§ Description of the task: Give again, exactly as written, the lines of the records below from the line with "Amethyst Heart Cuff Bangle" to the line with "uczelnię zagraniczną Research project min.". Both end lines count; pictures do not.

§ The input:

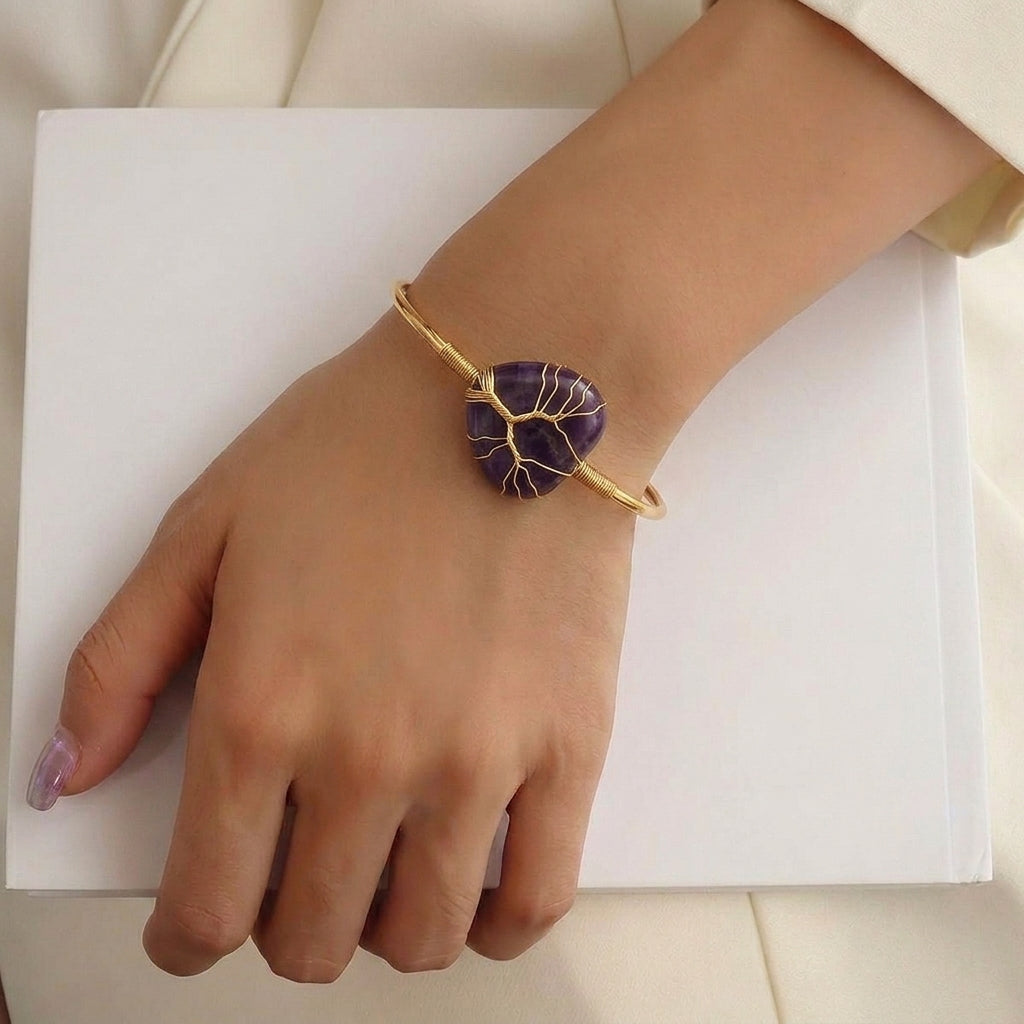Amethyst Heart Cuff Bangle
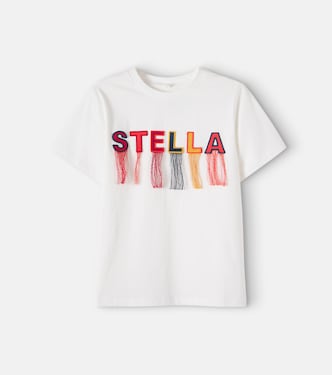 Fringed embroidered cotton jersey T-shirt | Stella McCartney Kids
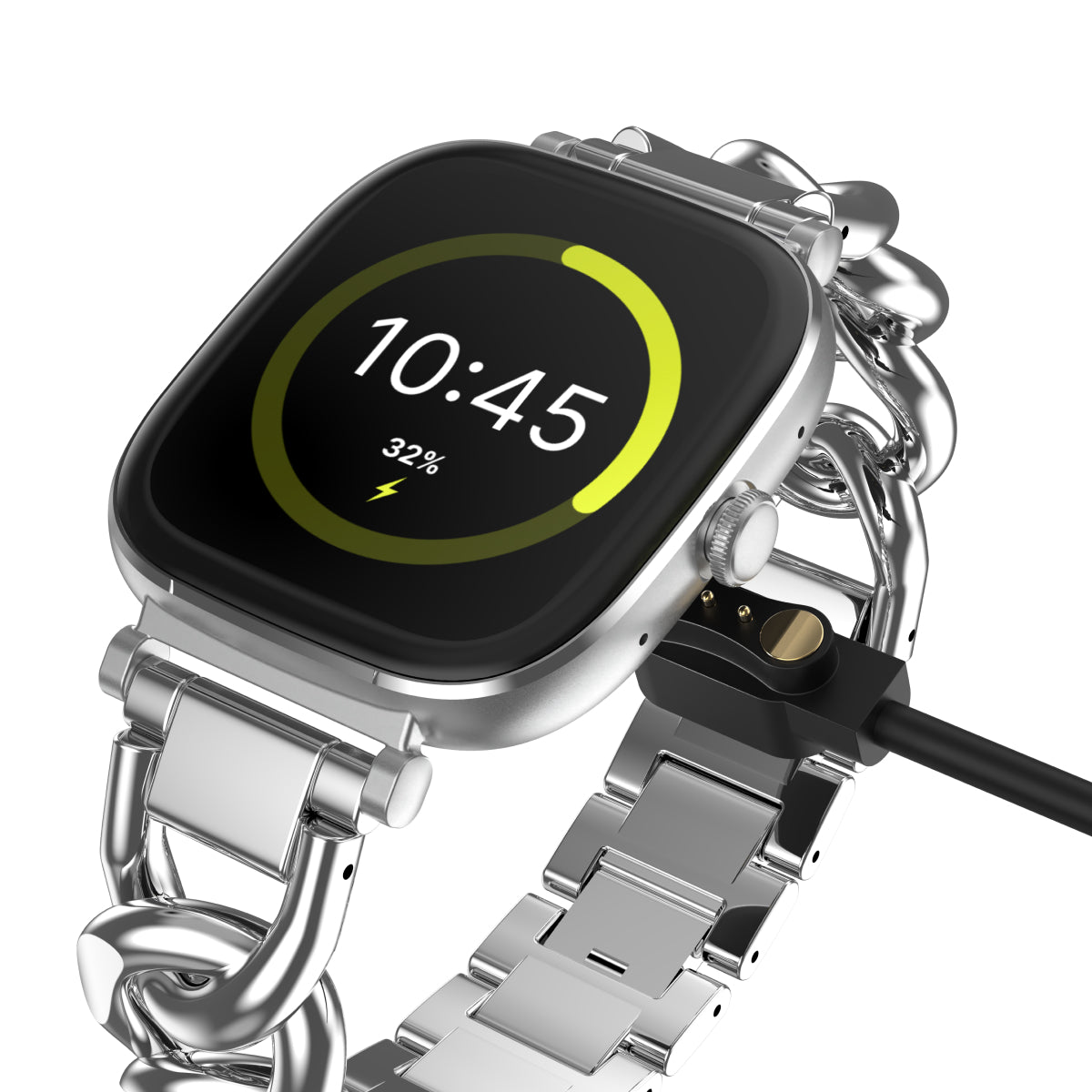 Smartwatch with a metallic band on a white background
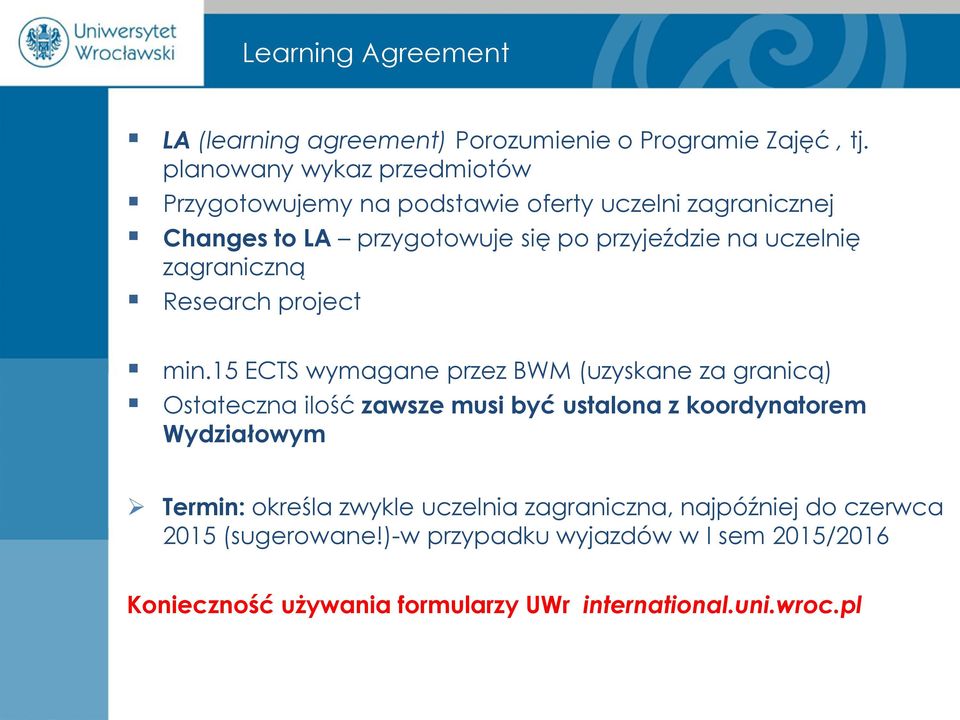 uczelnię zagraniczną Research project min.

---

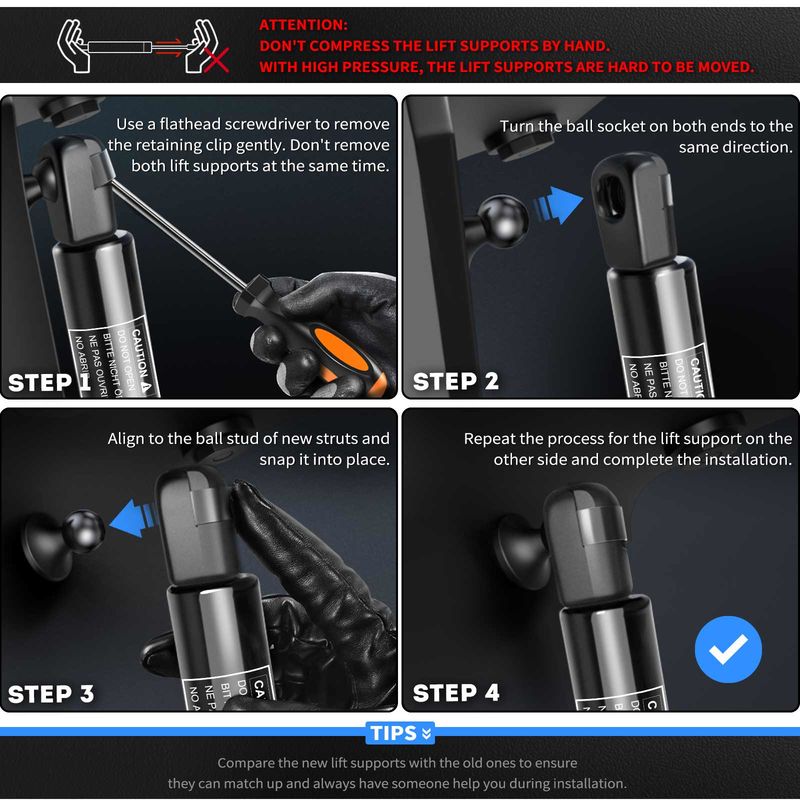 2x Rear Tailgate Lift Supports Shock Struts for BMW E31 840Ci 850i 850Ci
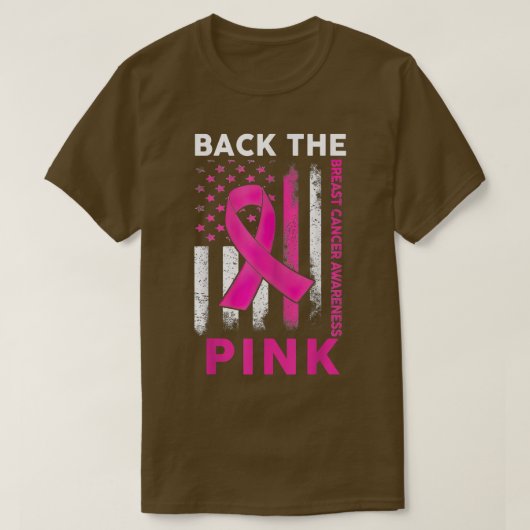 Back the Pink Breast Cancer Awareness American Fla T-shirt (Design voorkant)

* * *

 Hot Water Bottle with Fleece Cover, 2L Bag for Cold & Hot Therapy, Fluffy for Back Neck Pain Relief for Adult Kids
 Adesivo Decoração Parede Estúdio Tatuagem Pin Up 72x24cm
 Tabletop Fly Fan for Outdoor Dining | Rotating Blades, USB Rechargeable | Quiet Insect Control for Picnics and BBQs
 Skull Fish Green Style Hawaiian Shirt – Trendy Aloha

§ Reply:
Amethyst Heart Cuff Bangle
 Fringed embroidered cotton jersey T-shirt | Stella McCartney Kids
 Smartwatch with a metallic band on a white background
 uczelnię zagraniczną Research project min.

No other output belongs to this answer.